§ **RECORDED INFORMATION**
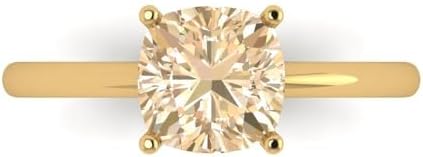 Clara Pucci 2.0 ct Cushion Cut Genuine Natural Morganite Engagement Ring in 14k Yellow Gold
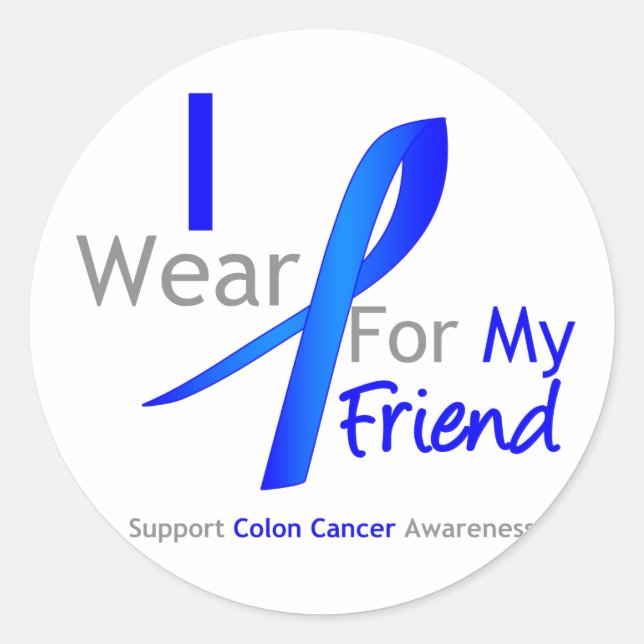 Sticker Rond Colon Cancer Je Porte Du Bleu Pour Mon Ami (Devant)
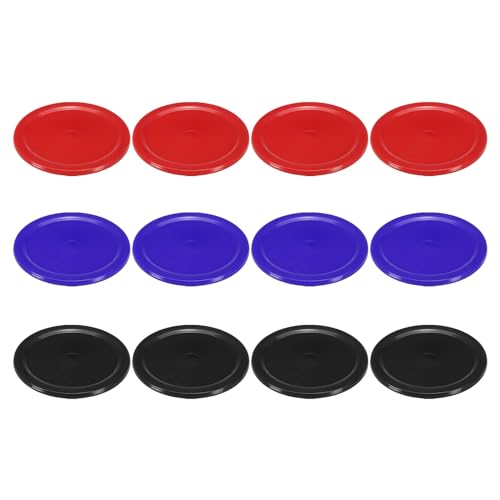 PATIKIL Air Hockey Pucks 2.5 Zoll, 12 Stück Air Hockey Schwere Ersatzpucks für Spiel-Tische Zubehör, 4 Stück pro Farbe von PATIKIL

§ **WHAT IS EXPECTED**
Copy out the listing exactly as it stands, but not the pictures.

§ **ANSWER TO THE PROBLEM**
 Clara Pucci 2.0 ct Cushion Cut Genuine Natural Morganite Engagement Ring in 14k Yellow Gold
 Sticker Rond Colon Cancer Je Porte Du Bleu Pour Mon Ami (Devant)
 PATIKIL Air Hockey Pucks 2.5 Zoll, 12 Stück Air Hockey Schwere Ersatzpucks für Spiel-Tische Zubehör, 4 Stück pro Farbe von PATIKIL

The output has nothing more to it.